## [PROBLEM TO SOLVE]
The output must be the data, printed exactly as written.

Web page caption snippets
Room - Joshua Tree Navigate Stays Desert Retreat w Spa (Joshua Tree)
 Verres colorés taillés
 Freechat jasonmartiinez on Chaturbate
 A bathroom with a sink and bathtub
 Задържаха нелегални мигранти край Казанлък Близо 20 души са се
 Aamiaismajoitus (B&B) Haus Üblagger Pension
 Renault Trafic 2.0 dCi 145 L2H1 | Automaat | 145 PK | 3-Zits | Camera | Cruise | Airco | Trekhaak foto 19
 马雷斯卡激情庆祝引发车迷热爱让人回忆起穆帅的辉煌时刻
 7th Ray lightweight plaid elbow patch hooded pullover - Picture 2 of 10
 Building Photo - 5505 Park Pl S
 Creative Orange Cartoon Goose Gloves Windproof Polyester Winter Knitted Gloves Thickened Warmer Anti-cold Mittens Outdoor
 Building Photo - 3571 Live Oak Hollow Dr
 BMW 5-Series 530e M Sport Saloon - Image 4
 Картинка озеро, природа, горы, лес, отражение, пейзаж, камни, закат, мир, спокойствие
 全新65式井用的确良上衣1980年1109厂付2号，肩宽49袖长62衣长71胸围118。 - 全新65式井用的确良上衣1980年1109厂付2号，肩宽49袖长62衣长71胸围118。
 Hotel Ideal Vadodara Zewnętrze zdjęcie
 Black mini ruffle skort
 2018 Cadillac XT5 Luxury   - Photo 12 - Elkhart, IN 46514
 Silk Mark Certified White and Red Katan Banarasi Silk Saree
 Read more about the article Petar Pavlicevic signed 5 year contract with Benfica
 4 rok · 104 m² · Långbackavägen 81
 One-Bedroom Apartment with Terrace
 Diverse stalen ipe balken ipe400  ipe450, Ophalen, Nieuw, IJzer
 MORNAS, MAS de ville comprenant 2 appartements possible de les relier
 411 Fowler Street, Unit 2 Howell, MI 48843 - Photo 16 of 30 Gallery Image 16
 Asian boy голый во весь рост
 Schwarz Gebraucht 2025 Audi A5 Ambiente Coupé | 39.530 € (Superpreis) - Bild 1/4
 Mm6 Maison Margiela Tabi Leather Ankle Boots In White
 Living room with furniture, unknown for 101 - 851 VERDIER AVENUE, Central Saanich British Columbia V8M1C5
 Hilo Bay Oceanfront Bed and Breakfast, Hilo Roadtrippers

## [ANSWER TO THIS PROBLEM]
Room - Joshua Tree Navigate Stays Desert Retreat w Spa (Joshua Tree)
 Verres colorés taillés
 Freechat jasonmartiinez on Chaturbate
 A bathroom with a sink and bathtub
 Задържаха нелегални мигранти край Казанлък Близо 20 души са се
 Aamiaismajoitus (B&B) Haus Üblagger Pension
 Renault Trafic 2.0 dCi 145 L2H1 | Automaat | 145 PK | 3-Zits | Camera | Cruise | Airco | Trekhaak foto 19
 马雷斯卡激情庆祝引发车迷热爱让人回忆起穆帅的辉煌时刻
 7th Ray lightweight plaid elbow patch hooded pullover - Picture 2 of 10
 Building Photo - 5505 Park Pl S
 Creative Orange Cartoon Goose Gloves Windproof Polyester Winter Knitted Gloves Thickened Warmer Anti-cold Mittens Outdoor
 Building Photo - 3571 Live Oak Hollow Dr
 BMW 5-Series 530e M Sport Saloon - Image 4
 Картинка озеро, природа, горы, лес, отражение, пейзаж, камни, закат, мир, спокойствие
 全新65式井用的确良上衣1980年1109厂付2号，肩宽49袖长62衣长71胸围118。 - 全新65式井用的确良上衣1980年1109厂付2号，肩宽49袖长62衣长71胸围118。
 Hotel Ideal Vadodara Zewnętrze zdjęcie
 Black mini ruffle skort
 2018 Cadillac XT5 Luxury   - Photo 12 - Elkhart, IN 46514
 Silk Mark Certified White and Red Katan Banarasi Silk Saree
 Read more about the article Petar Pavlicevic signed 5 year contract with Benfica
 4 rok · 104 m² · Långbackavägen 81
 One-Bedroom Apartment with Terrace
 Diverse stalen ipe balken ipe400  ipe450, Ophalen, Nieuw, IJzer
 MORNAS, MAS de ville comprenant 2 appartements possible de les relier
 411 Fowler Street, Unit 2 Howell, MI 48843 - Photo 16 of 30 Gallery Image 16
 Asian boy голый во весь рост
 Schwarz Gebraucht 2025 Audi A5 Ambiente Coupé | 39.530 € (Superpreis) - Bild 1/4
 Mm6 Maison Margiela Tabi Leather Ankle Boots In White
 Living room with furniture, unknown for 101 - 851 VERDIER AVENUE, Central Saanich British Columbia V8M1C5
 Hilo Bay Oceanfront Bed and Breakfast, Hilo Roadtrippers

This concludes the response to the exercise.